Sharon Salzberg, meditation instructor, says of such negative thoughts and feelings that we should see them as visitors, but not give them the run of the house. We have all the human feelings, even the most frightening ones, but that we do not have to act on them.

We are all limited, or as philosopher, Sam Keen, put it, we are all flawed human beings. Yet our sacredness is compatible with and even part of our flawed nature. Henri Nouwen speaks of the wounded healer. Woundedness is part of the human condition, but sacredness remains and we can still heal one another. Out of her suffering andn poverty Rapunsel is able to restore sight to her husband. Our own wounds, if borne creatively, can be a source of vision and healing for one another.

It is fascinating that in Greek mythology, the wisest persons, those who see most clearly and deeply, such as Tiresias the seer, and later, Oedipus, are blind, as is Shakespeare’s king Lear. Our creativity, wisdom, and love seem to emerge in some degree from the suffering that is part of the human condition

Al this is to say that we are each a being of sacred worth. What is deepest within us, discovered gradually, with struggle, and with the help of others, and over time, is our own underlying sacred worth. And since we are a being in process, a being whose life unfolds over time, the process in becoming who we are is also meaningful and, as we have said, trustworthy.

The other component of meaning is purpose, a “why” of our existence. We may think of our self as gradually coming into the hands of our awareness and decision, and coming into our hands as something of worth. This process can be described as the gathering of self into our hands. The next step is to place that self, to give that sacred self to something worthwhile.

The word “purpose,” in its Latin roots, means placed before, something in front of us that we can reach for. It is something to which we can give ourselves. It is what we can live for. The opposite is to be empty-handed, to have nothing in front of us to reach for, nothing to give ourselves to, nothing to live for. This is the opposite of trust and hope; it is despair.

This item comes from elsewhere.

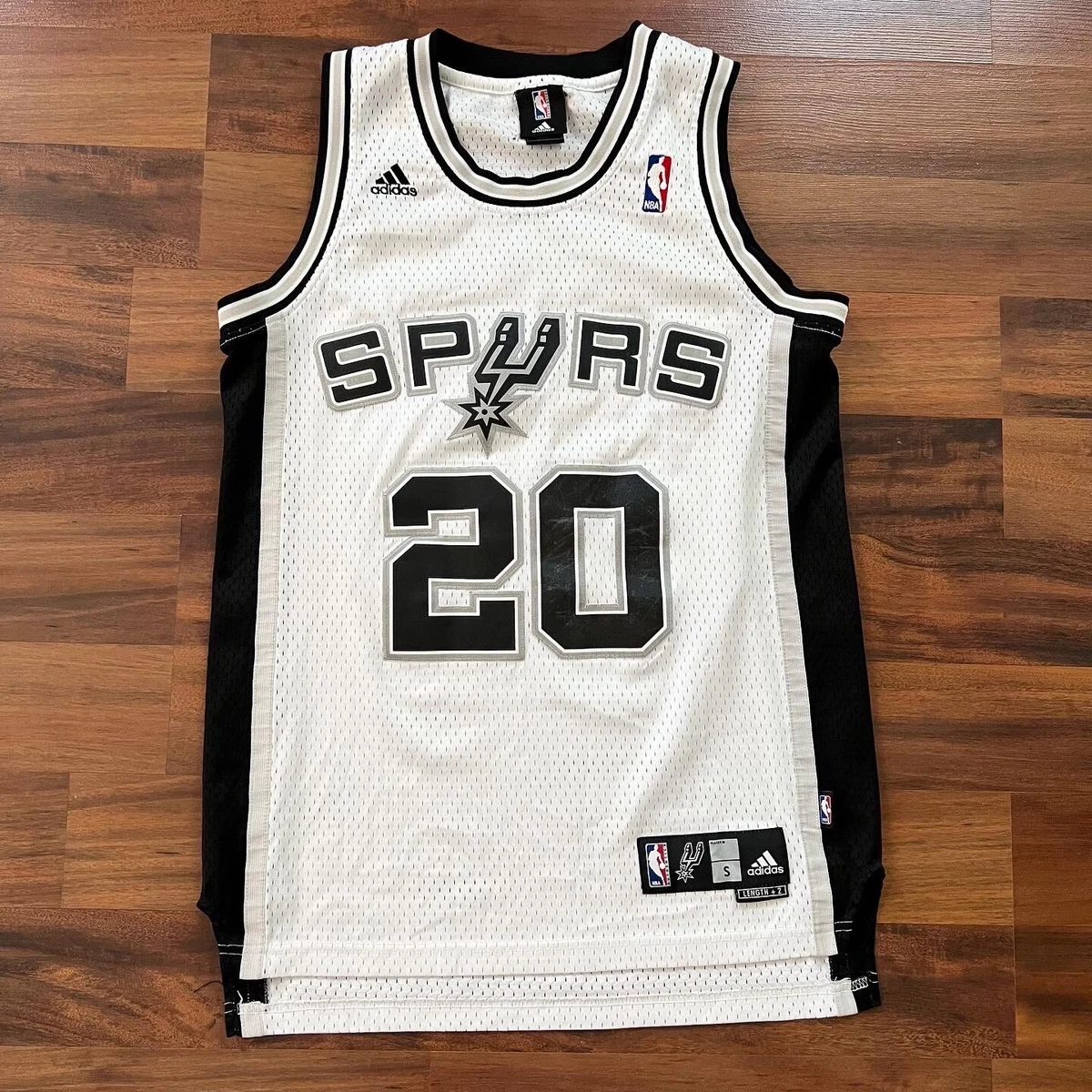 San antonio spurs manu 2025 ginobili jersey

There is a line in the poem by Robert Frost that expresses this experience. In Death of a Hired Man, Frost tells the story of the old man, Silas, who had a particular skill in bundlng hay, but was estranged from his family and unreliable in coming to work. He is described as having “nothing to look backward to with pride, and nothing to look forward to with hope.” His working days are over and “he has come home to die,” to the only place that even remotely has seemed at home to him at least in recent years. The wife of the couple who had hired him describes home as: “the place where, when you have to go there, they have to take you in.”

The poem suggests the experience of purpose as having something to which we can give ourselves and our life.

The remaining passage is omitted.